:: Brief ::
Across the listing below, count every line where the string "Sports" appears, then give only the count.
◆ ◆ ◆
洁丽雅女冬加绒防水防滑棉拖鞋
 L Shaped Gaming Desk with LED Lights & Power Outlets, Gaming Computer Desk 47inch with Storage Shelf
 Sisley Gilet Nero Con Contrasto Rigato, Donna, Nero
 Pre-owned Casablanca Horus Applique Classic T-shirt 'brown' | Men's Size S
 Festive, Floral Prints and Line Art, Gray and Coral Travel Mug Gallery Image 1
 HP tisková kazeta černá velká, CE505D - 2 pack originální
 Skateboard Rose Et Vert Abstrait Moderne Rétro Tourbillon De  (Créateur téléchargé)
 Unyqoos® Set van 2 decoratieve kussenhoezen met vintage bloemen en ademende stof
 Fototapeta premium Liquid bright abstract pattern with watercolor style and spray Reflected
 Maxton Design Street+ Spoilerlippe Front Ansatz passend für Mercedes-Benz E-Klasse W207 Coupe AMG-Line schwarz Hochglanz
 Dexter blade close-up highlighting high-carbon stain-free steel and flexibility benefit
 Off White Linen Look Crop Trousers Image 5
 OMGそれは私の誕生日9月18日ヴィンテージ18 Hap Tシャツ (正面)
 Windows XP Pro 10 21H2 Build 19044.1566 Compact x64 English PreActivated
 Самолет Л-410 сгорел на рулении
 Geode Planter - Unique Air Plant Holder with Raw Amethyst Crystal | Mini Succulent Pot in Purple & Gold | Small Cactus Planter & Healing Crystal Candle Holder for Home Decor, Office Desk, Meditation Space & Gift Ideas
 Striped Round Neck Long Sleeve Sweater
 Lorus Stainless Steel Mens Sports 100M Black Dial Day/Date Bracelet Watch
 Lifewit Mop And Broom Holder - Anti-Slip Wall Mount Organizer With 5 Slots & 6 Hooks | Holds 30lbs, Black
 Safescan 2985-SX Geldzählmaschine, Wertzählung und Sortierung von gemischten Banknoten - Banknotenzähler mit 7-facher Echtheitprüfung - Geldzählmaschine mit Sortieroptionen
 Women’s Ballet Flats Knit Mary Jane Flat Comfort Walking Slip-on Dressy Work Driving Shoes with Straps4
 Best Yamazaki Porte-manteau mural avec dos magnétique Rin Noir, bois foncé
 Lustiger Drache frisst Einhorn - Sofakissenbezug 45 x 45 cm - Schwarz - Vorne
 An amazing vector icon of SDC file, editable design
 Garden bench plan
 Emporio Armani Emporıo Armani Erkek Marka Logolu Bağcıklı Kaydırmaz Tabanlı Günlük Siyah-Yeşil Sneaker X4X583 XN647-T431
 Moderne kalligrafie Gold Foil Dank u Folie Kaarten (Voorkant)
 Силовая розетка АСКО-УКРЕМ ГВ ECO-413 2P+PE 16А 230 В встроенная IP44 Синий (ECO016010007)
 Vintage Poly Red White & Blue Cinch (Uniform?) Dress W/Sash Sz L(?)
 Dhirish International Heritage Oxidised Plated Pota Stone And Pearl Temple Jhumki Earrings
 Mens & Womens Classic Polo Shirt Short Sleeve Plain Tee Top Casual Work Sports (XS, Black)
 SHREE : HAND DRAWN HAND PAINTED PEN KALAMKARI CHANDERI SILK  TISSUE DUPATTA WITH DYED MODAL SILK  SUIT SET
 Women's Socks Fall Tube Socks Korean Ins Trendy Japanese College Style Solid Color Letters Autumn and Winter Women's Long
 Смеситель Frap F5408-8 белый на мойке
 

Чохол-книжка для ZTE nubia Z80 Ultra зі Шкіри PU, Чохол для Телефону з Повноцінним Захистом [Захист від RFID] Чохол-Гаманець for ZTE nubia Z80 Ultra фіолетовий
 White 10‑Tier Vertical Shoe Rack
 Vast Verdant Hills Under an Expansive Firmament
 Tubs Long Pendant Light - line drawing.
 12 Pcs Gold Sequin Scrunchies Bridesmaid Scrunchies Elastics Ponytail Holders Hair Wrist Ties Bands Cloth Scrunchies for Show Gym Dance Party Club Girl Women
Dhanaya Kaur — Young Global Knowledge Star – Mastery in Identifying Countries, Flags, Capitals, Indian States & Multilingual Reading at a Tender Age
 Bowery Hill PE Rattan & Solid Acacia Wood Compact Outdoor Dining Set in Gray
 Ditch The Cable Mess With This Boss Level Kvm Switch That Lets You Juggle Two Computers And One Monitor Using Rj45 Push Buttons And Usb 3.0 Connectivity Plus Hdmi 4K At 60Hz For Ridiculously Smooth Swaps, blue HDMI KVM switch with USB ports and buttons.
◆ ◆ ◆
:: Final answer ::
2